Но губернатор Пети, которого сопровождал прокурор Шарлье – одна из жертв «Ос» и «Улыбки», отнесся к этому ходатайству с полным пренебрежением. Проходя с сержантом Шарпийе мимо дома Гогена, он заявил: «Вы ведь знаете, что это отъявленный негодяй!»
Губернатор приложил все старания, чтобы избежать общения с населением. Он ограничился только официальными визитами в жандармерию и епископство. Так, во всяком случае, считал Гоген, и это совершенно вывело его из себя. После отъезда Пети в ноябре он отправил ему резкое письмо, в котором ядовито критиковал его равнодушие («Мы не конюхи с вашей конюшни»), и подробно перечислял то, что губернатору довелось бы узнать, если бы он соизволил сбросить с себя свою «спесь». Гоген предупреждал его, что взбудоражит общественное мнение в метрополии. И в самом деле, художник отправил копию своего письма редактору «Меркюр де Франс», специализировавшемуся по колониальным вопросам, чтобы тот привлек внимание общественности к «жестоким фантазиям глупой администрации».

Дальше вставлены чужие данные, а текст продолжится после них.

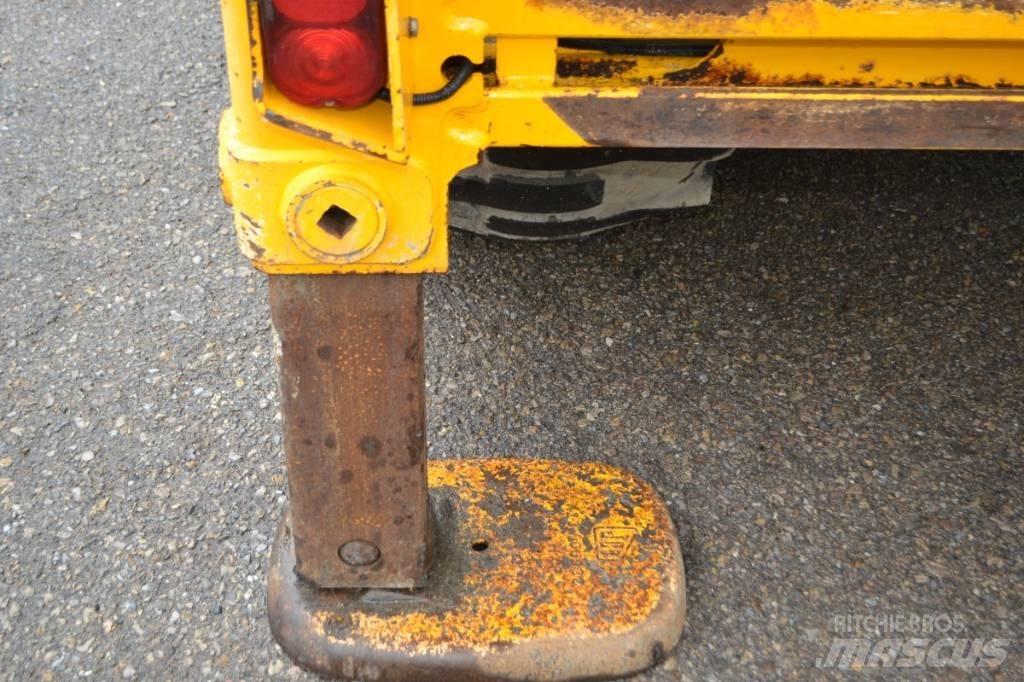 JCB 3 CX Backhoe Loaders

Гнев Гогена не остывал. Он то и дело ввязывался в туземные дела. Стоило сообщить ему о каком-нибудь нарушении закона, он немедля писал Пикено, взывая к его «чувству справедливости». Управитель должен был признать, что его неугомонный корреспондент часто бывает прав. 4 декабря в Атуону прибыл новый жандарм, сержант Жан-Пьер Клавери, который 16 декабря заменил в должности Шарпийе. Хотя Клавери был не слишком склонен поддерживать миссию и это должно было примирить с ним Гогена, художник почти сразу же затеял с ним борьбу. Было совершено преступление, а Клавери занимался расследованием менее усердно, чем хотелось бы Гогену, – из трусости, боязни ответственности, как утверждал художник. «Но что же тогда будет с нашей безопасностью?» – негодовал Гоген.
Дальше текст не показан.